今朝の日本経済新聞に、「英国人旅行者は世界で最悪」という小さな記事が載っていた。それによると、「英国人観光客は行儀が悪くて現地の言葉を話そうとせず、郷土料理も試さない・・。大手旅行会社の調査で、英国人が世界最悪の観光客に<認定>された。日本人はマナーと金払いが良いことから、総合でドイツ人、米国人に次いで二十四カ国中の上から三番目の高い評価を得た。米オンライン旅行業者エクスペディアの英国部門が世界の観光都市十七カ所の観光局などを対象に調べた。マナー部門で日本はドイツに次いで二位、親しみやすさでも米・独に次いで第三位と、日本人観光客は海外旅行慣れしてきた。」ということだ。

 しかしわたしは、この結果にいささか疑問がある。まず我が日本人だが、「行儀が悪くて現地の言葉を話さず郷土料理も試さない・・」は日本人にも大いに当てはまるような気がする。
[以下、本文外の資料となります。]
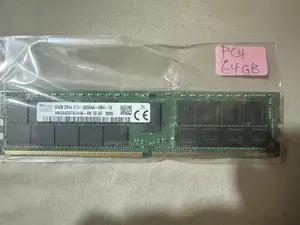 Memory 64g Ecc for Server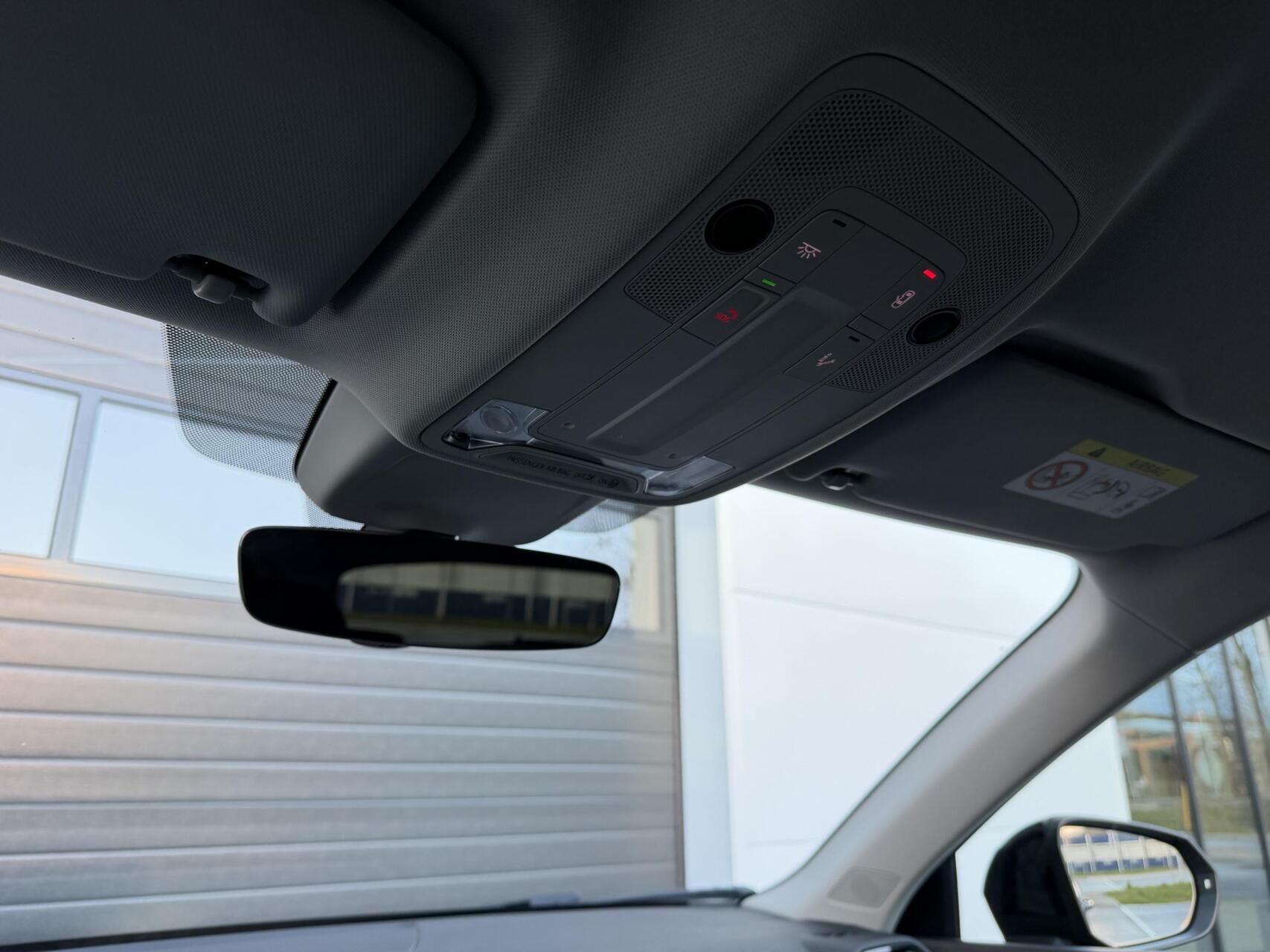 Foto van Audi Q3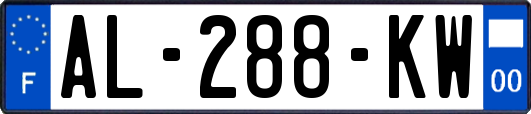 AL-288-KW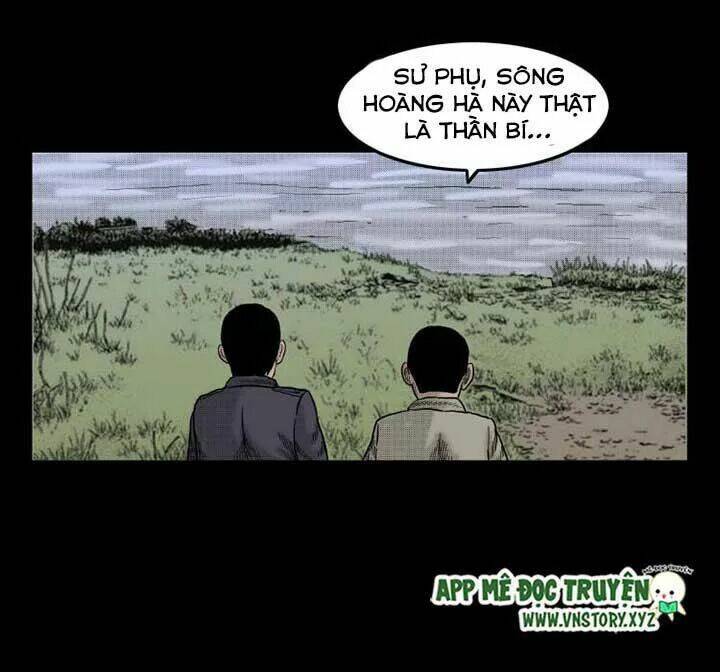 kỳ án có thật chapter 54 54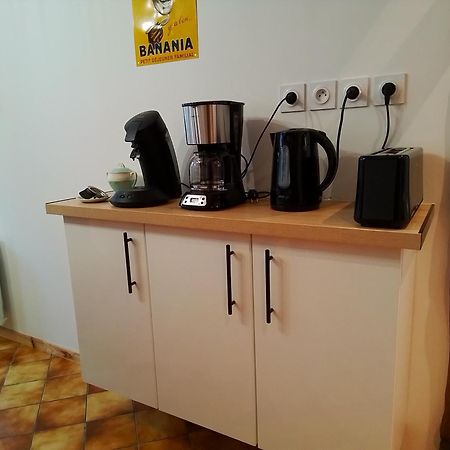 Le Huit Gite Dans Villa Aultoise 외부 사진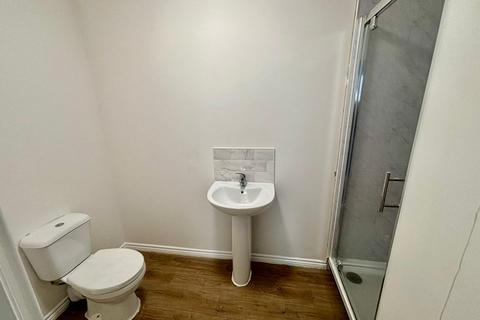 undefined, Oxford Street, Mountain Ash, CF45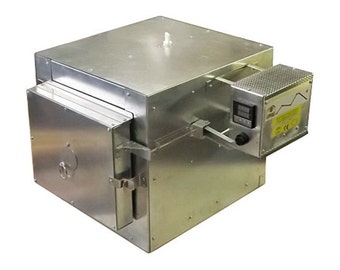 1300 C High Temperature Ceramic/Pottery/Glazes Programmable Kiln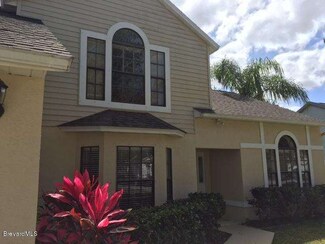 4019 Pinyon Dr, Cocoa, FL 32926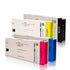 EnduraINK PRO Ink 220 ml - CMYK Set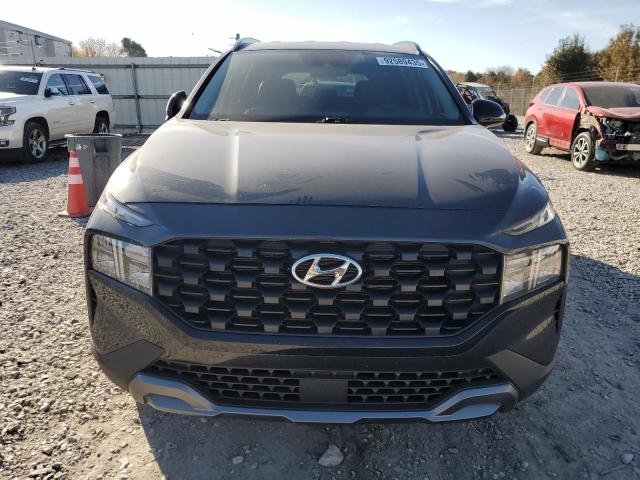 Фото 5 - HYUNDAI SANTA FE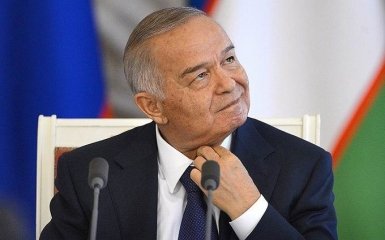 Непідтверджена смерть глави Узбекистану: в мережі з'явився "чорний" анекдот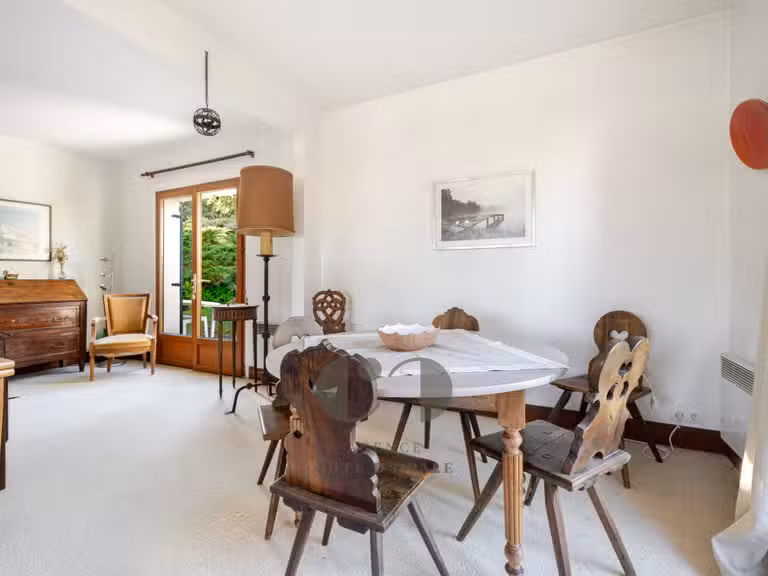 House Le Touquet-Paris-Plage - 3 bedrooms - 79m²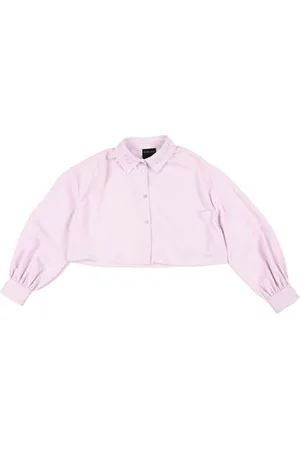 MARC ELLIS CAMISETAS Y TOPS - Camisas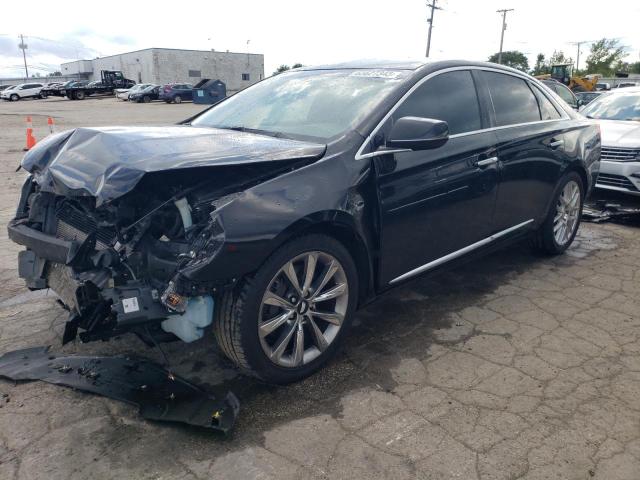 CADILLAC XTS 2016 2g61u5s35g9188336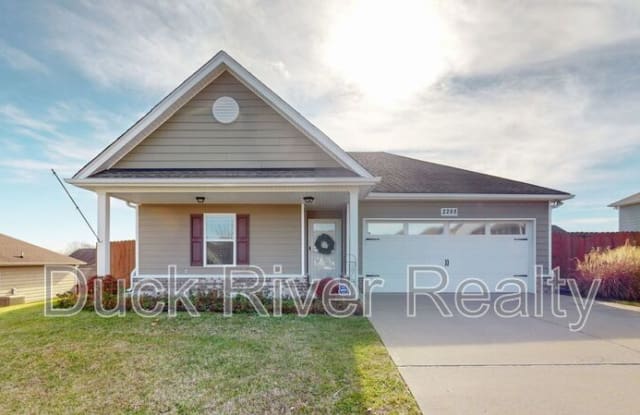 2288 Worker Bee Dr - 2288 Worker Bee Drive, Columbia, TN 38401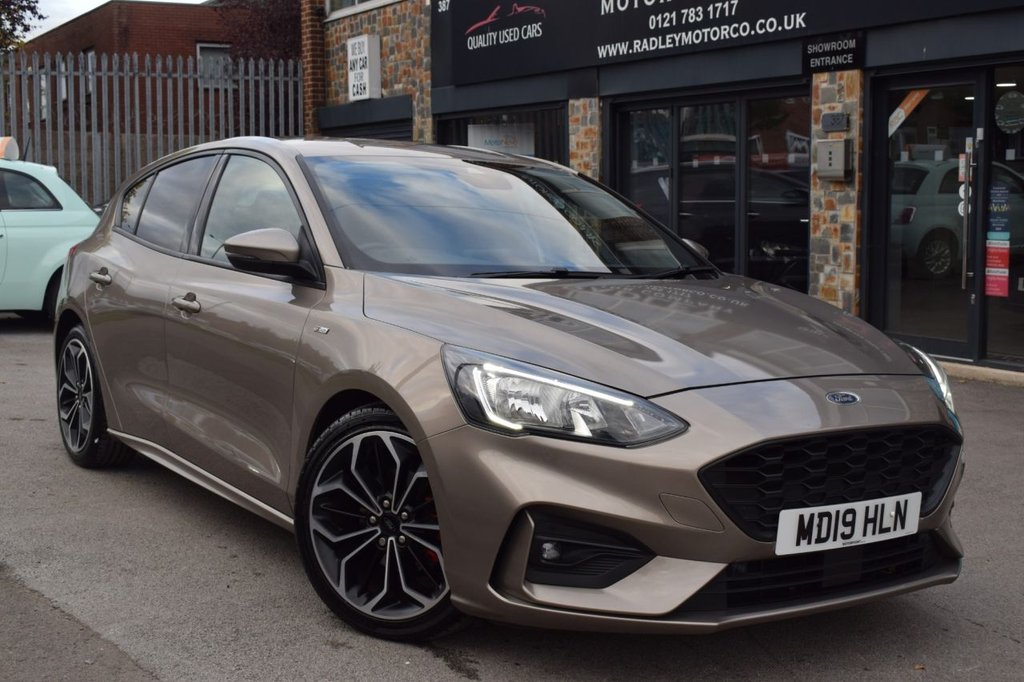 Used Ford Focus 2019 for sale - 76909794: Photo 31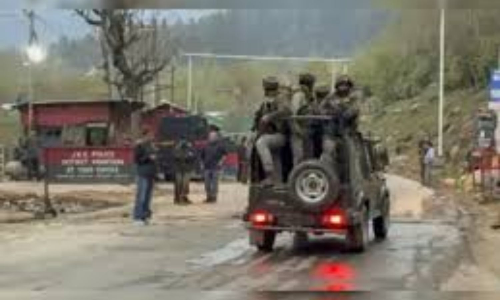 UNSC asks all countries to cooperate in bringing Pahalgam terrorists, backers to justice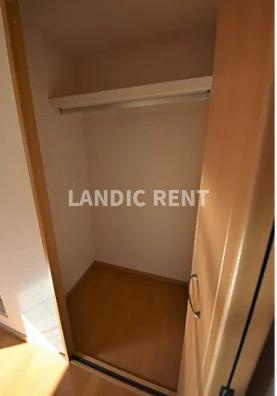 【収納】 | ベネフィスタウン井尻3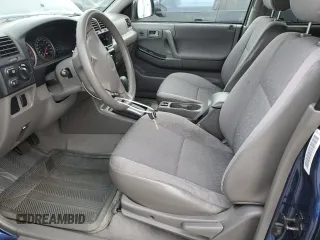 2003 Isuzu Rodeo z VIN 4S2DM58W234305979, wystawiony jako Copart lot #81346314 z przebiegiem 177 272 mil mil oraz Szkody całkowita. Historia ofert i sprzedaży dostępna na DreamBid. Obrazek 7.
郷土料理はともかく、団体ツアーの人たちの「傍若無人さ」もよく見かける。集団心理か何か分からないが、レストランなどでも周りに客が居ても大きな声で騒ぎ、ストロボ写真を撮りまくる。言葉に関しても、個人観光でない人たちは添乗員に通訳をさせたり、自分では現地語で話そうとしない。わたしも数カ国で、店の人から「日本人は英語で話しかけると逃げますね。」と言われた。

 しかし、最近悪いのは日本人だけではない。シンガポールやオーストラリア、スイスアルプスで「傍若無人」だった
のは、中国や韓国などのアジア系の人たちである。はっきり言うと、日本人よりもさらに悪い。少し前まではアジアの国々も、日本のように経済が好調なときがあった。そのころの話である。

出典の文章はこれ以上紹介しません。